While historically Justices had held elected political office, it was clear that the White House was prepared for the political backlash that would come with the appointment of a Democratic politician to the traditionally apolitical bench.

“There are many examples of seasoned politicization’s on the high court, Earl Warren California governor, President Taft, as far back as John Marshall who shaped the court in its early years was a congressman,” said Vice President Kerry as he defended the choice on the Sunday talk shows. Arguing that the confirmation hearings should determine whether she was qualified to sit on the bench.

Said hearings played out and as expected Republicans laid as many lines of attack as they could on Granholm, that she was obviously going to be a liberal activist, with a close relationship with the President and little experience in the courtroom. In turn, she denied that she would be beholden to the President, that the decision had nothing to do with personal loyalty or favour trading and was not afraid as an experienced politician (and failed actress) to spar with Republicans, refuting that her appearance on the Dating Game in 1978 somehow disqualified her as some publications hinted.

Senate Republicans decried the nomination, as the President creating a “rubber stamp court” according to Alabama Senator, Jeff Sessions and Conservative Commentators like David Frum shared the view that this was a “disaster for the court, this would nakedly politicize the court” and Robert Bork (himself a failed Supreme Court nominee) denounced the decision as a “disaster … a slap in the face to the neutrality of the court”.

The White House defended the nomination, particularly attacking some of the more inflammatory statements about her being a naturalized American (she was born in Canada with Swedish heritage) and pointed to her moderate legal record “Ms Granholm may govern as a Democrat, but her record is a moderate one” said Senator Tom Daschle who helmed the confirmation process, assuaging wavering Democrats “I agree that there is room for a new kind of face on the court”. A line of thinking that other Democrats stuck to. “You know we need to have the type of minds that think about laws, not just as an abstract but have put them and seen them put into action” said Senator Hillary Clinton.

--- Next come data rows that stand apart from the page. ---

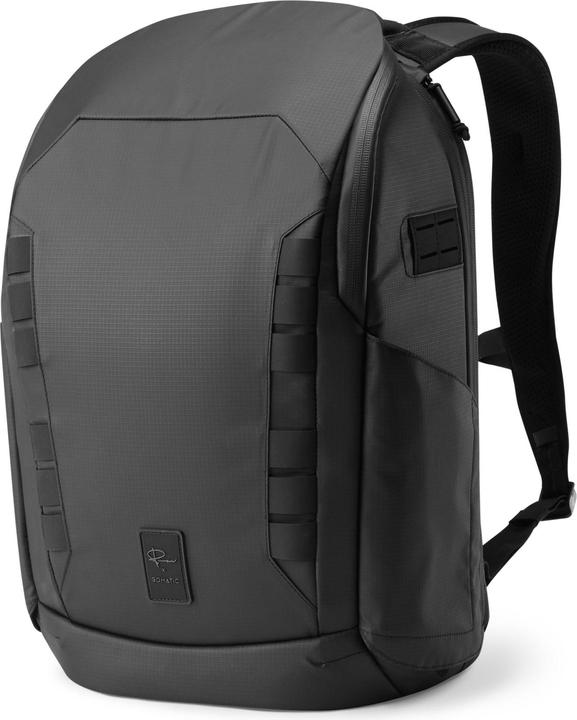 Produktbild Gomatic PM Daypack (25 l)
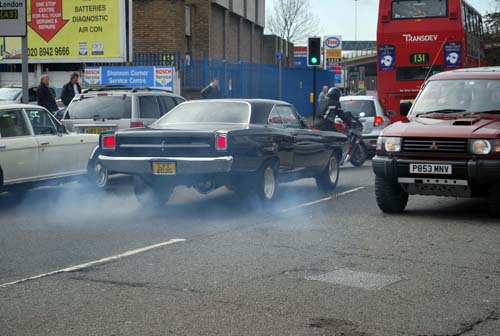 krispykreme21.3.10manky 154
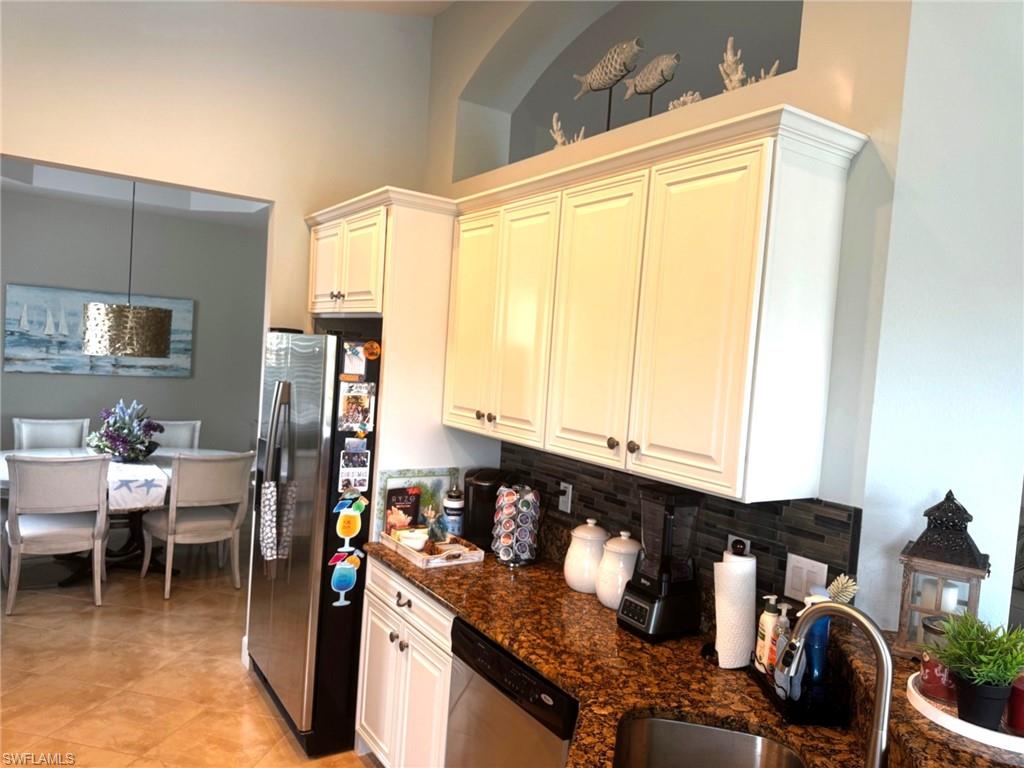 PEBBLEBROOK - Residential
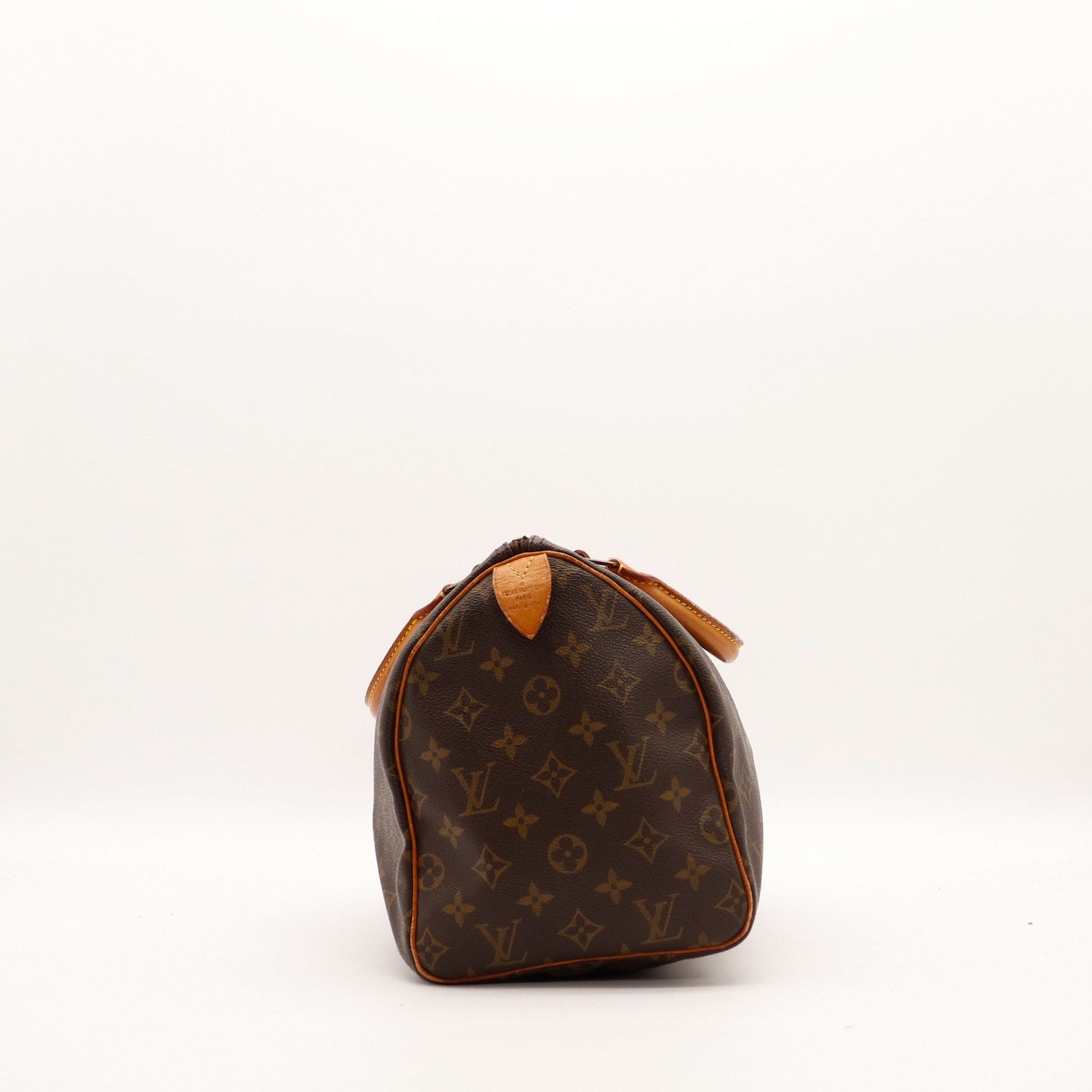 Le Speedy 30 Louis Vuitton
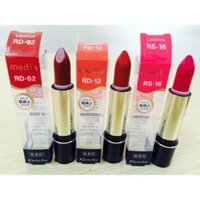 Premium Beauty Domain Son.Media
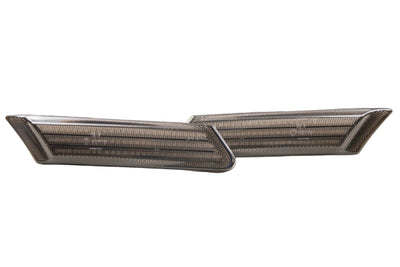 997 XB LED Side Markers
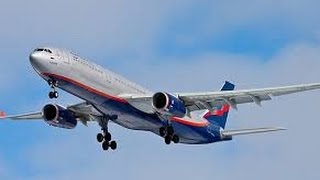 Авиационный транспорт. ОБЖ 5 класс. Авиационный транспорт. ОБЖ 5 класс.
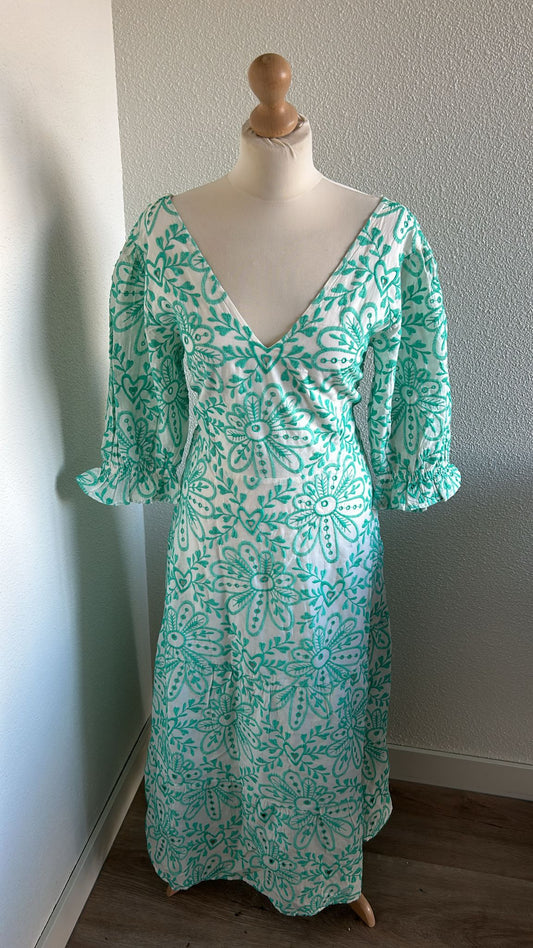 Fabienne Chapot - maat 40 - Jolene dress NIEUW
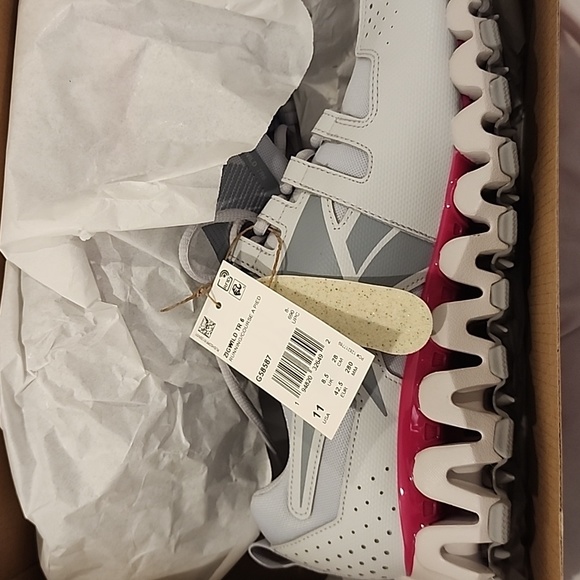 Reebok Sneakers - Picture 3 of 7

The final vote again left Republicans divided, columnists and media figures like Fox Host Ann Coulter tore into it as an almost criminal offence, to appoint someone so close to the President to the court, a notion that quickly dragged the GOP’s prospective Presidential candidates like Senator George Allen and former Speaker Newt Gingrich to wade into the fray in opposition to the confirmation.

But the mood on the hill was different, following the depressing results in the midterms, Republican leadership was decapitated and the fissures exposed by departing Senate leader Bill Frist who said the voters had not returned to the party of Lincoln because they were tired of the scandals and overly partisan attacks “We focused too much on regaining the majority without letting the public know what we were going to do with it?” before he was replaced by Kentucky Senator Mitch McConnell who hoped to stabilize and soothe the parties frayed edges talked his caucus into back down from a judicial filibuster anxious that such a fight could only damage the parties stance among women, which many worried had been damaged over the failed filibuster of Chief Justice Sullivan and a veiled threat that Democrats might simply eliminate the judicial filibuster, or appoint a more openly liberal candidate. And though dozens of statements decried the decision, Governor Granholm was confirmed to the court 62-38.

View attachment 894513
(Left to Right Governor Granholm is announced as the SCOTUS pick, Justice Granholm)
Edwards had already successfully passed some healthcare reforms in 2005, focused on reducing the cost of prescription drugs primarily for elderly Americans, by means of a bipartisan bill, but that was a different fight endorsed by influential lobbying groups in the afterglow of the President's inauguration, before Katrina and the anti-poverty agenda and before the 2006 midterms that left the President with even slimmer congressional margins.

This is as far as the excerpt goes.